_Requirement_. Copy exactly and only the lines running from the one that contains "402 - Mouflon" to the final line of the data below, without the pictures.
Start of Records supplied
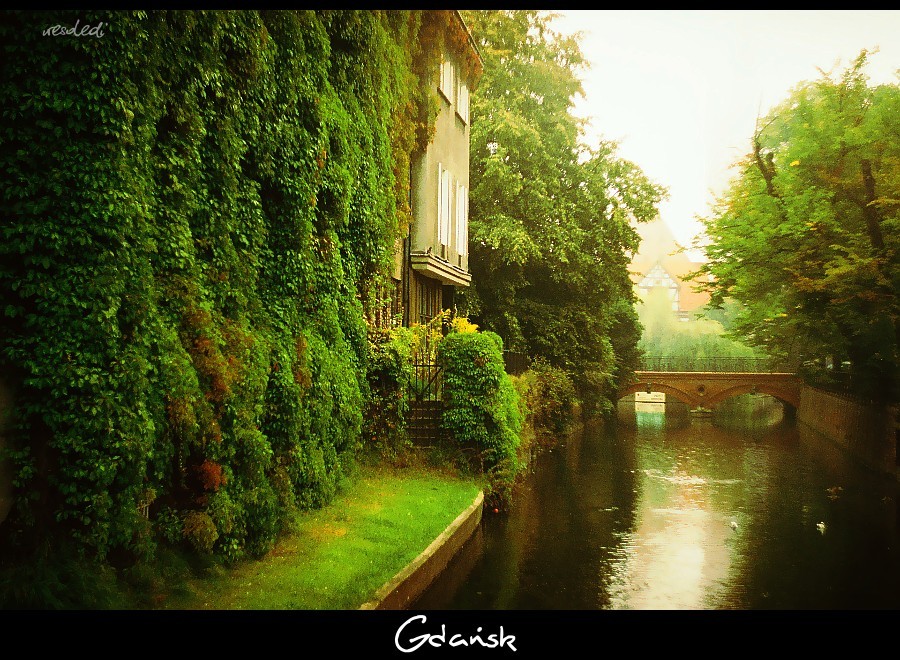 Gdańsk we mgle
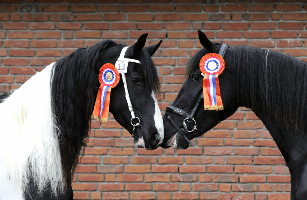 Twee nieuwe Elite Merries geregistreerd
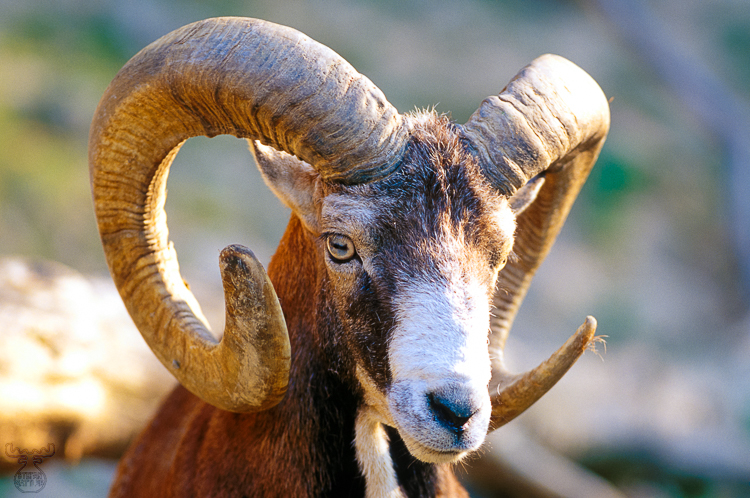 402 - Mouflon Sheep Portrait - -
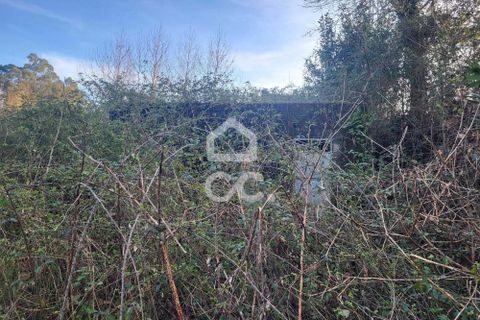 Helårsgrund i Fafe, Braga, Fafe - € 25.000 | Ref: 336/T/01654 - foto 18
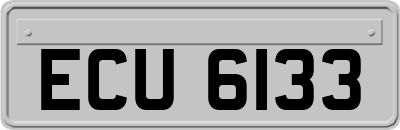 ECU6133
End of Records supplied
_Answer to this task_.
 402 - Mouflon Sheep Portrait - -
 Helårsgrund i Fafe, Braga, Fafe - € 25.000 | Ref: 336/T/01654 - foto 18
 ECU6133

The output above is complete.